Over the past several years, researchers have made important discoveries regarding aging-related metabolic disease and fundamental aging processes that appear to be root-cause contributors to multiple conditions across the lifespan. Among those processes, studies have demonstrated the role of cellular senescence in a number of endocrine diseases, including diabetes.

The role of senescent cells in the pathophysiology of diabetes and the potential of different therapeutic approaches to targeting these cells will be among the topics discussed and debated by a pair of researchers during the session Aging-Related Metabolic Disease—Major Drivers and Therapeutic Strategies on Sunday, June 25, at 3:15 p.m. PT in Ballroom 6A-B of the San Diego Convention Center. This session also will be available via livestream for registered meeting participants.

James L. Kirkland, MD, PhD, Professor of Medicine and Physiology at the Mayo Clinic, will discuss the potential of a novel class of drugs known as senolytics in selectively eliminating senescent cells. Dr. Kirkland’s pioneering research on the impact of cellular senescence on age-related dysfunction and chronic diseases led to the development of the first senolytic drugs, which are currently being studied in clinical trials.

“Research is ongoing, but in preclinical models, it appears that by using senolytic drugs that eliminate specific senescent cells, it is feasible to improve peripheral insulin resistance, alleviate inflammation in adipose tissue, and prevent complications of diabetes such as liver fat accumulation, renal dysfunction, and possibly even brain dysfunction and eye disorders that are associated with diabetes,” Dr. Kirkland said.

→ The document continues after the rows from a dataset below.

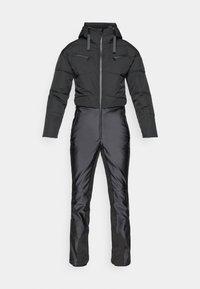 Mustas isoleeritud kombinesoon, millel on ees lukuga sulgus, kapuuts ja pikad varrukad. Materjal ühendab siledad ja tikitud tekstuurid, sisaldades lukuga taskuid.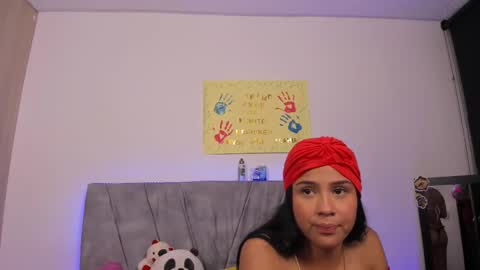 Snapshot of sammy_and_alhaia chatting on 03-05-25, 10:43 Sammy and Alhaia online show from 03-05-25, 10:43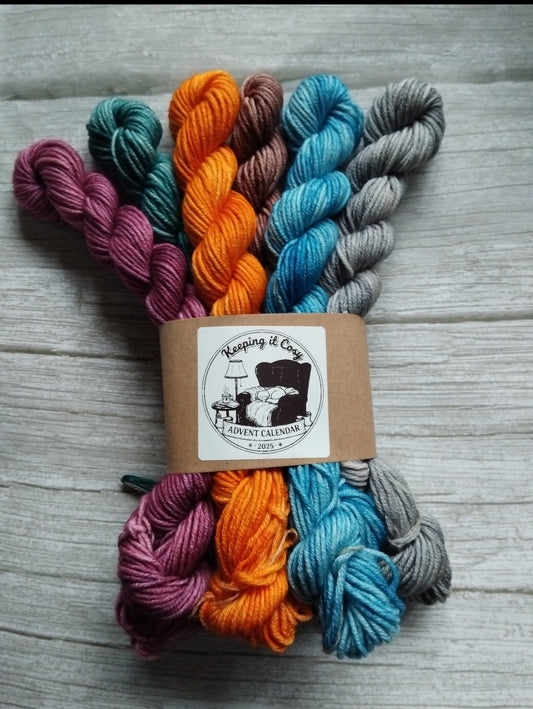 Keeping it cosy ~ Mini skeins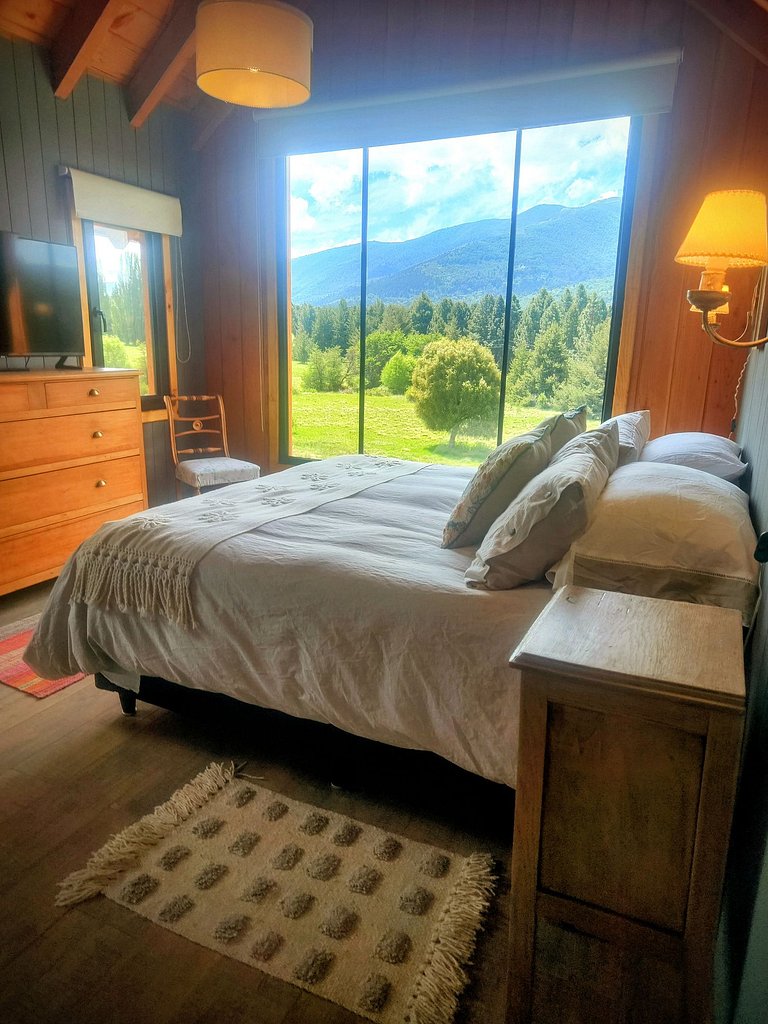 Casa amplia y moderna vista panorámica al C. Lolog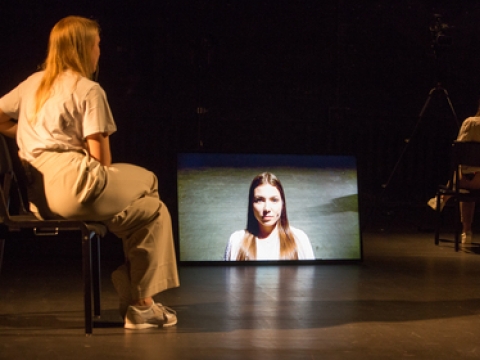 Scena iš spektaklio „So Who Will Remember Me in the End?“. Gertrūdos gatvės teatro (Ģertrūdes ielas teātris) nuotr.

There are multiple trials related to senolytics underway in the U.S. and Europe. Investigators at the Mayo Clinic are studying younger individuals with obesity and diabetes to determine whether senolytic agents will reduce peripheral insulin resistance and potentially reduce reliance on other medications.

Anil Bhushan, PhD, Professor of Medicine at the University of California, San Francisco Diabetes Center, will describe research suggesting that an immunotherapy approach might lead to more effective therapeutic agents to eliminate senescent cells.

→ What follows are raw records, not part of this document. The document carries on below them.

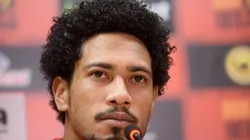 Afastado e silencioso, Hernane Brocador perdeu a titularidade no Sport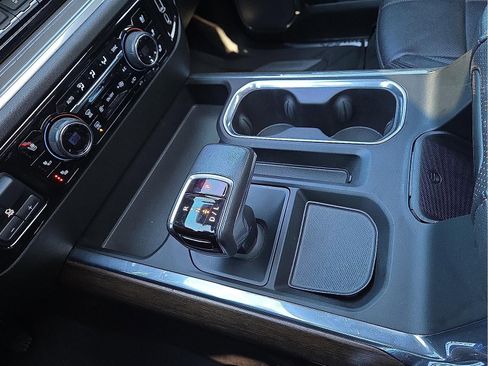 Used 2022 Chevrolet Silverado 1500 High Country w/ High Country Premium Package image 25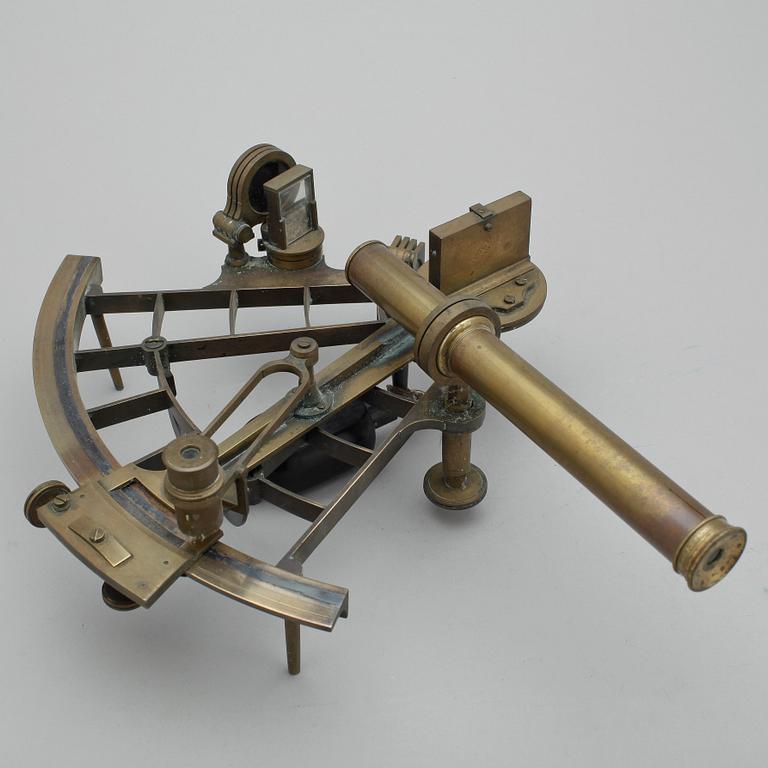 SEXTANT, mässing, troligen sekelskiftet 1900.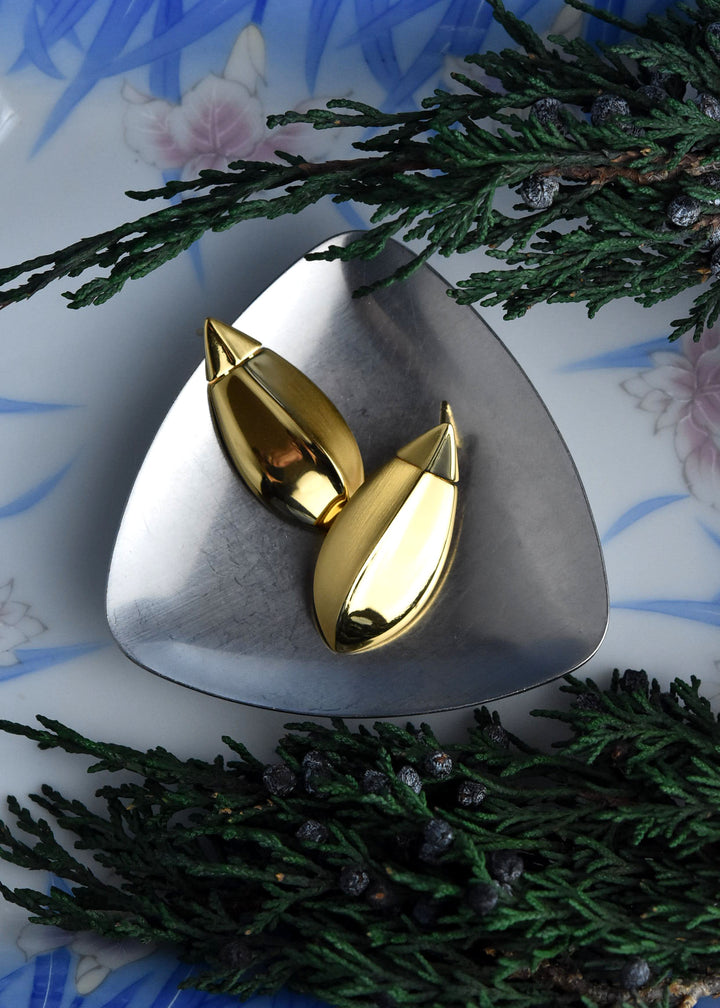 Tao Statement Studs - Goldmakers Fine Jewelry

Dr. Bhushan’s research focuses on understanding how the immune system senses and tunes its response to senescent cells in diseases and aging. One of the goals of his research is to identify and target the endogenous immune surveillance mechanism that can promote the elimination of senescent cells and reverse disease progression.

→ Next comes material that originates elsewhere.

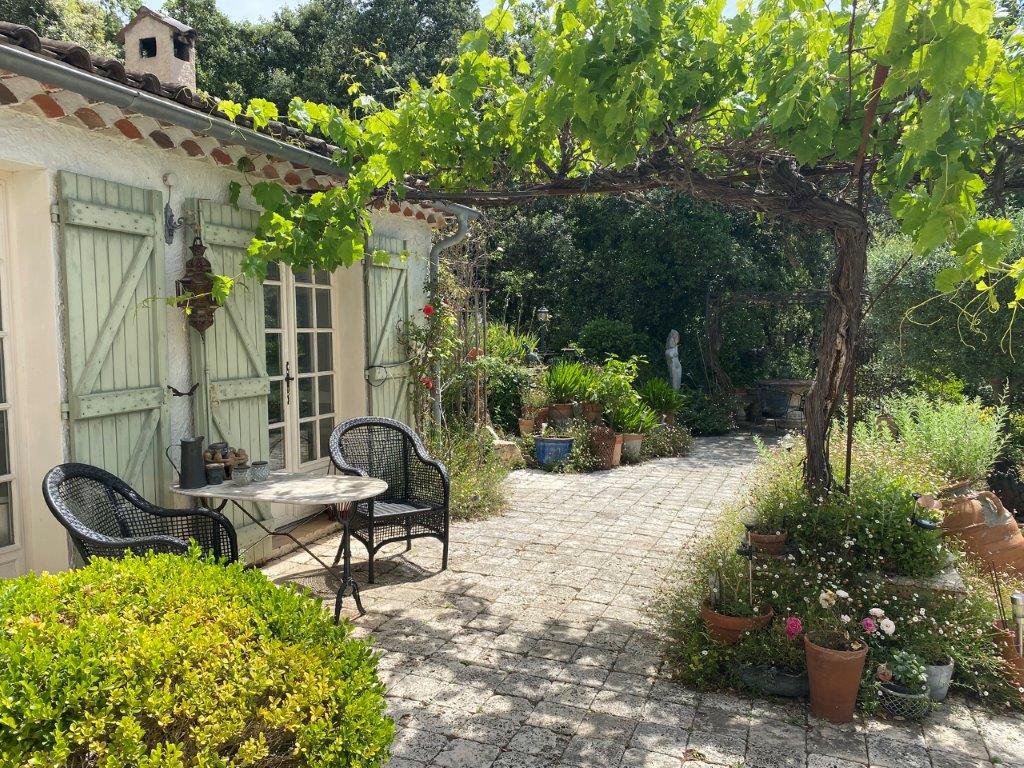 B&D France 10155 Provence (35).jpg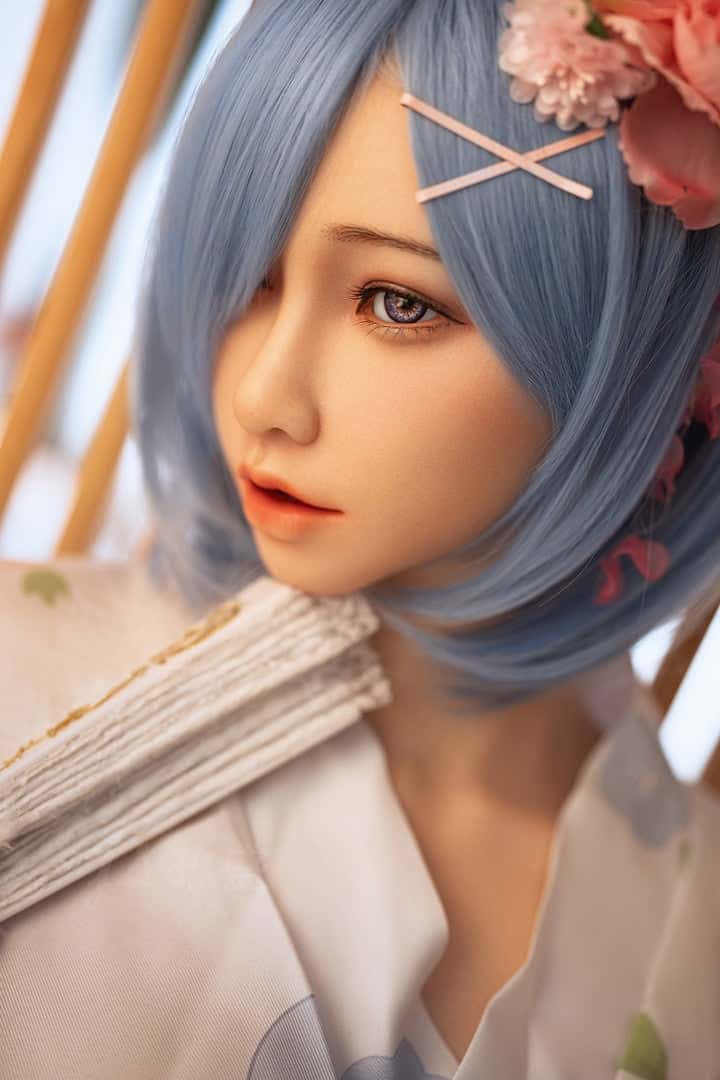 Jiusheng - Betty: Una reseña completa de la muñeca sexual Jiusheng con cabeza de silicona y cuerpo de TPE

“Rather than target the cells directly with a drug and removing them, we reasoned that these senescent cells linger due to a failure of the immune surveillance that normally removes them naturally,” Dr. Bhushan said. “So, we believe that targeting the immune system that fails to remove them will lead to a reactivation of the immune system that will then remove these cells in a natural, endogenous, and targeted way.”

Whether targeting the senescent cells directly or indirectly by targeting the immune system, Dr. Kirkland and Dr. Bhushan agree that emerging and ongoing research will provide important answers about the efficacy of interventions to clear human senescent cells.